Activity |
Of the entries below, return only those lines from the line with "Used 2023 Toyota Sienna XSE image 34" to the line with "wisata Nusa Penida-Lembongan", exactly, both included.

Recorded data |
::::::::
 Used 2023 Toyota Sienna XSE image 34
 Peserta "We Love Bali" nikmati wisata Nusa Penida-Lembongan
::::::::
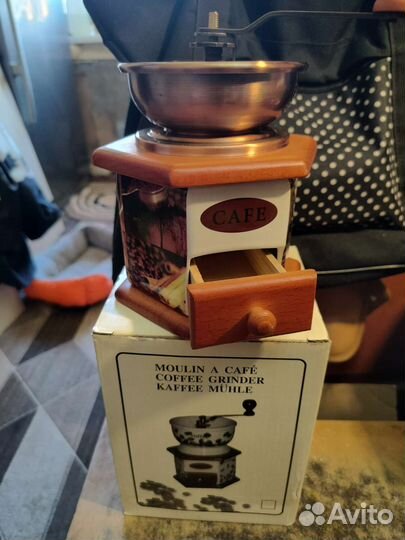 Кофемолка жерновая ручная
::::::::
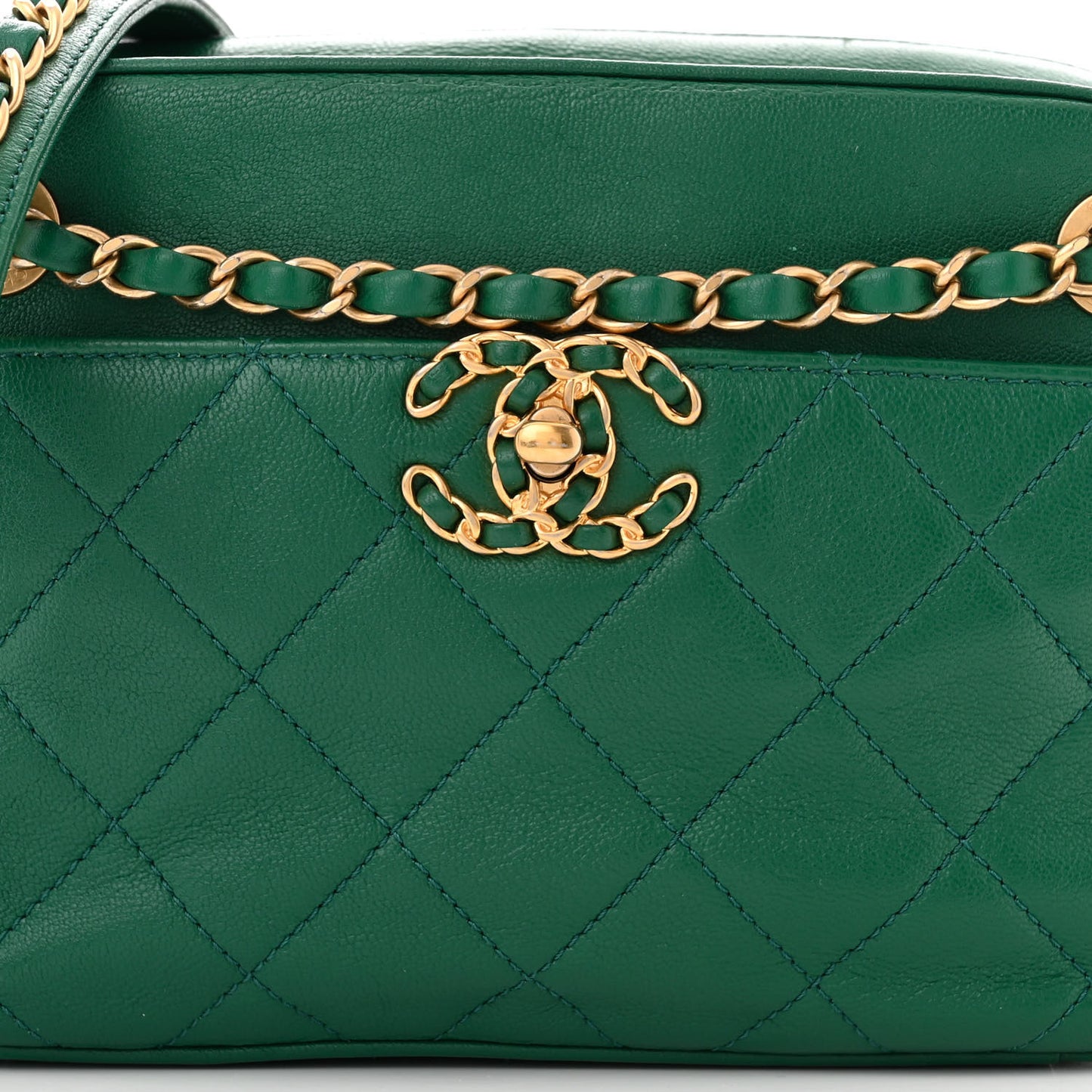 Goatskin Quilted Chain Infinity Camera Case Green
::::::::
Written response |
 Used 2023 Toyota Sienna XSE image 34
 Peserta "We Love Bali" nikmati wisata Nusa Penida-Lembongan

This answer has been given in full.